For the action system, Hamilton and Grafton (2006) suggest a hierarchical model of motor regions with the anterior IPS at the top. This area is thought to represent action goals and intentions. While this suggestion is based on a large literature of hand-actions (Hamilton & Grafton, 2006; Iacoboni et al., 2005), e.g., grasping actions and tool use, the question is whether this analysis has any relevance for speech actions that we make during conversation. A reasonable amount of skepticism is needed as the study of the MNS has suffered from severe hype (Hickok, 2009), making the literature hard to navigate. Some authors interested in language, communication, and other forms of joint action have indeed asked the question (Brennan et al., 2010) or more directly suggested that the MNS is also involved in these tasks (Bekkering et al., 2009). Does increased IPS activity for good communicators correspond to increased intentional processing? The explanation is simple enough as stated, but there are also several comments that need to be made alongside this suggestion. First of all, if there is any truth to this statement, we would like to decouple this interpretation from the MNS, as we do not observe any activity in other regions interpretable as mirror-neuron regions. If the anterior IPS is indeed at the top of the action hierarchy, encoding intentions and goals, then this model is worth also considering when studying conversational processes, but we do not see any reasons for further reference here to mirror-neurons. Second, a limitation for this interpretation is that the IPS is not routinely observed in communicative paradigms.
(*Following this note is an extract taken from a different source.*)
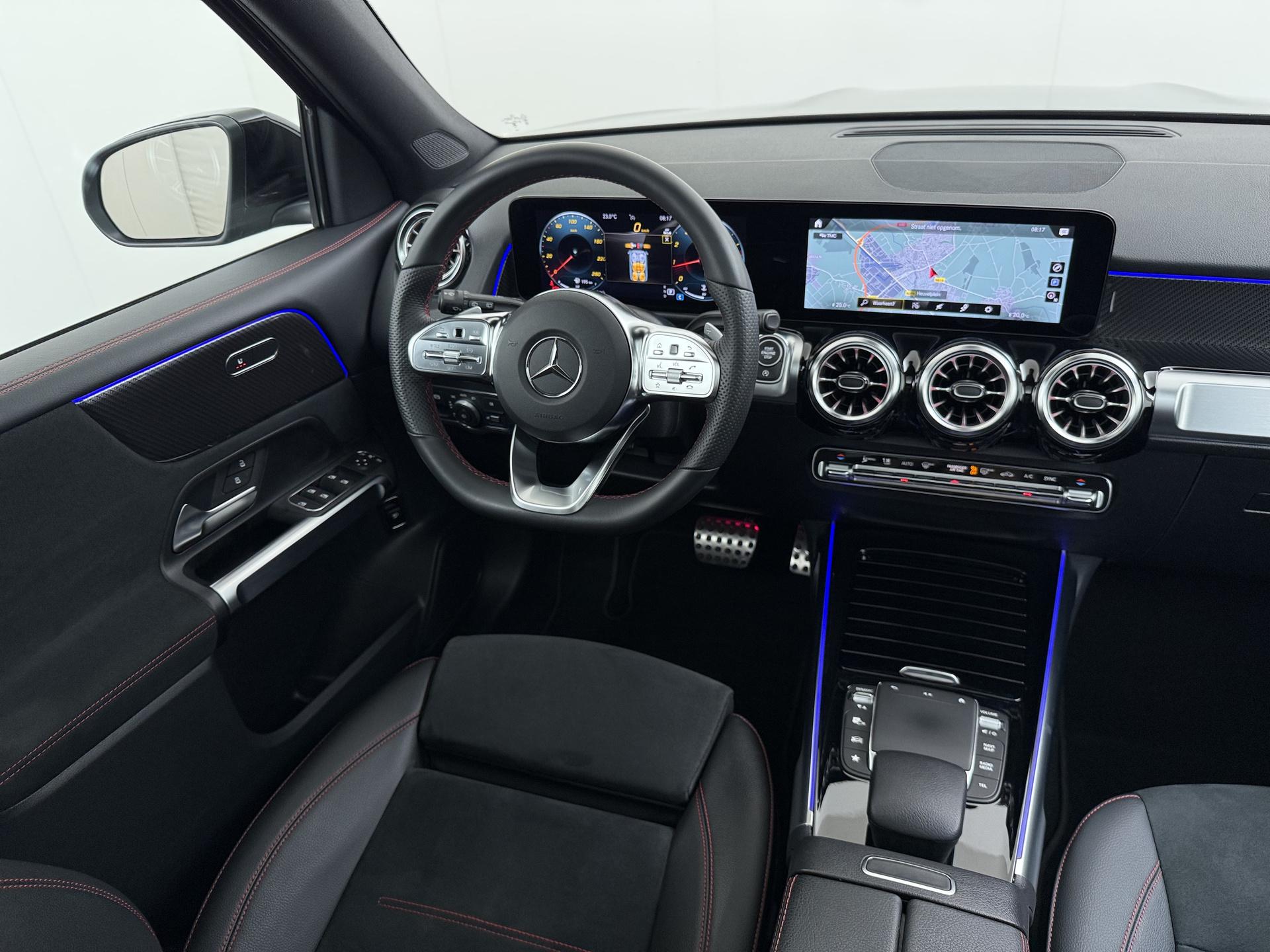 Mercedes-Benz GLB 200 AMG Line Premium 7-persoons 33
For instance, it is not observed in many of the studies using versions of the ISA experiment (Asaridou et al., 2019; Bašnáková et al., 2014), although the left anterior IPS was observed in Egorova et al. (2016), who contrasted request vs. naming, only using direct speech acts (see also van Ackeren et al., 2016). It is possible that the individual differences approach improved sensitivity for the very top of the hierarchy, which might not be as activated in all participants and hence not detected under conditions of group averaging. In summary, we here provide possible attentional and intentional interpretations of the unexpected IPS activity.
Theoretical Considerations
Our results can be discussed in the light of the theoretical suggestion of a submodule for communicative inferences (Sperber & Wilson, 2002). In Sperber and Wilson’s original suggestion from relevance theory, inferential processes in comprehension are subserved by dedicated domain-specific mechanisms, constituting a module (Fodor, 1983). Our results suggest that pragmatic processes are likely mainly instantiated with mechanisms distinct from core language mechanisms, as well as distinct from domain-general ToM mechanisms, even though we investigate a broader set of pragmatic processes than originally suggested by Sperber and Wilson (2002). Instead of referring to mentalizing as a unitary process, it is an interesting suggestion that mentalizing is a large and multidimensional space of mental state representations, a “mind space,” which would dynamically inform any situation where there is a need to consult somebody’s mental state (Conway et al., 2019). This is a promising future direction for ToM research.
Note that our findings do not allow us to take a stance on whether pragmatics constitutes a (weak) module or a submodule of ToM, as suggested by relevance theory. Our position is that pragmatics is neurocognitively separable from core language as well as (at least partly) from aspects of ToM, and that the concept of ToM will need differentiation. In other words, pragmatic inferencing does not equal mentalizing. We endorse the approach to study pragmatics in its own right, which should continue.
Pragmatic analyses of different types of utterances even suggest that not all interpretations of pragmatic phenomena require access to the mental state of the speaker in the first place, as is the case of some generalized conversational implicatures pointed out in the introduction. Some authors argue that even certain ISAs, such as indirect requests (e.g., It’s cold in here) can be interpreted without necessarily considering the mental state of the speaker (Kissine, 2016). Rather, the interpretive process can sometimes be based purely on the accessibility of certain salient information in the context; for example, the listener knows that closing an open window will relieve the speaker’s unpleasant feeling of being cold (see further the effort/effect trade-off used in these inferences, below).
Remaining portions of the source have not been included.